White Water Rafting in Colorado

Whitewater rafting on the Arkansas River in Colorado.

The federal appeals court based in Denver cleared the way on Tuesday for a Biden administration rule requiring outdoor recreation companies to pay their workers, including river guides, a $15-per-hour minimum wage, plus overtime while operating on federal land.

However, the three-judge panel of the U.S. Court of Appeals for the 10th Circuit was divided about the constitutionality of the key federal law underlying the wage rule. The all-Republican panel's disagreement sets the stage for possible intervention by the U.S. Supreme Court, where conservative justices have indicated their skepticism about Congress's broad grants of authority to the executive branch.

The Colorado plaintiffs who brought the challenge — Arkansas Valley Adventures and its owner, Duke Bradford — warned the U.S. Department of Labor's minimum wage rule, enacted in response to an executive order from President Joe Biden, would increase their costs and force them to reduce services to the public. But the appellate panel's majority concluded not only that Biden and the department had authority to act, but the stated reasons for paying employees more were valid.

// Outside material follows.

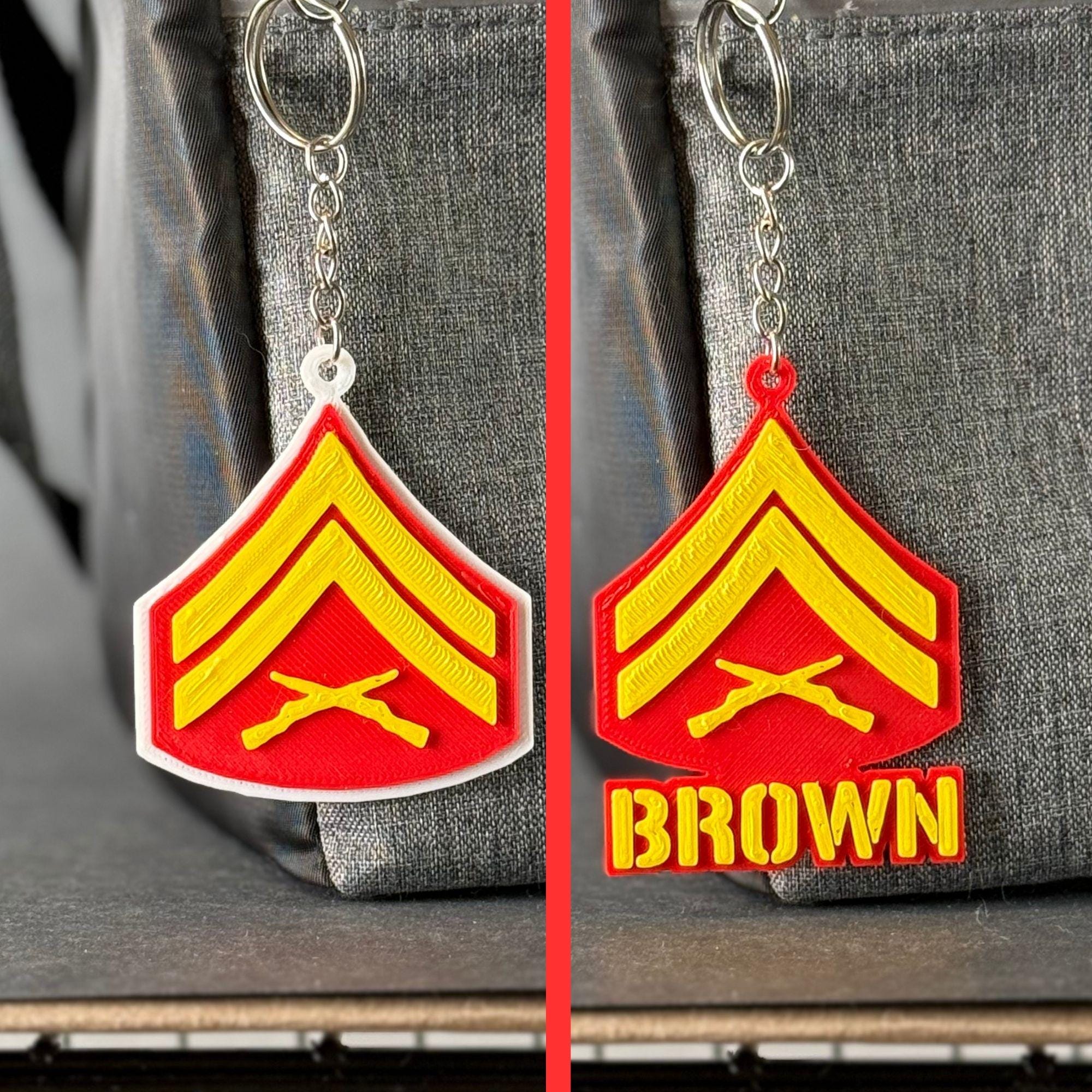 Personalized Corporal Keychain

"Thus, even if the rule could plausibly increase costs for the government and the public, enhanced worker productivity and higher quality work — standing alone — are sufficient justifications," wrote Chief Judge Jerome A. Holmes, a George W. Bush appointee, in the April 30 opinion.

Judge Allison H. Eid, a Donald Trump appointee, dissented. In her view, the law Biden relied upon, known for short as the Procurement Act, was unconstitutional. Specifically, the act authorizes presidents to carry out directives for an "economical and efficient system" of procuring and supplying services in the federal government.

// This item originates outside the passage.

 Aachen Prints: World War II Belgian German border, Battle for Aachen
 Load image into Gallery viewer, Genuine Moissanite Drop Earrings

"That is it. That is all the (Procurement Act) gives us — no floor of what specific situations must arise, no ceiling on what the President may find economical or efficient to do," she wrote. Congress, in effect, gave the president authority to do "whatever he finds necessary to regulate entire industries in the name of what he believes to be economical and efficient. Such a broad delegation without limits cannot stand."

Attorneys for the plaintiffs did not immediately indicate whether they would seek Supreme Court review on an issue that could affect the entire $700 billion sector for federal contracts.

With Wednesday hearing, Eid moves closer to potential 10th U.S. Circuit Court of Appeals confirmation

In this March 13, 2006, file photo, Allison Eid is sworn in as justice of the Colorado Supreme Court in Denver. Presumptive Republican presidential nominee Donald Trump has released a list of 11 potential Supreme Court justices he plans to vet to fill the seat of late Justice Antonin Scalia. (AP Photo/Linda McConnell, Pool, File)

3 administrations, 3 executive orders

In 2014, then-President Barack Obama used an executive order to establish a minimum hourly wage of $10.10 for workers on federal contracts, relying on his authority under the Procurement Act. Trump, in 2018, issued an executive order carving hunting, river running and related operations on federal lands out of the contractor minimum wage.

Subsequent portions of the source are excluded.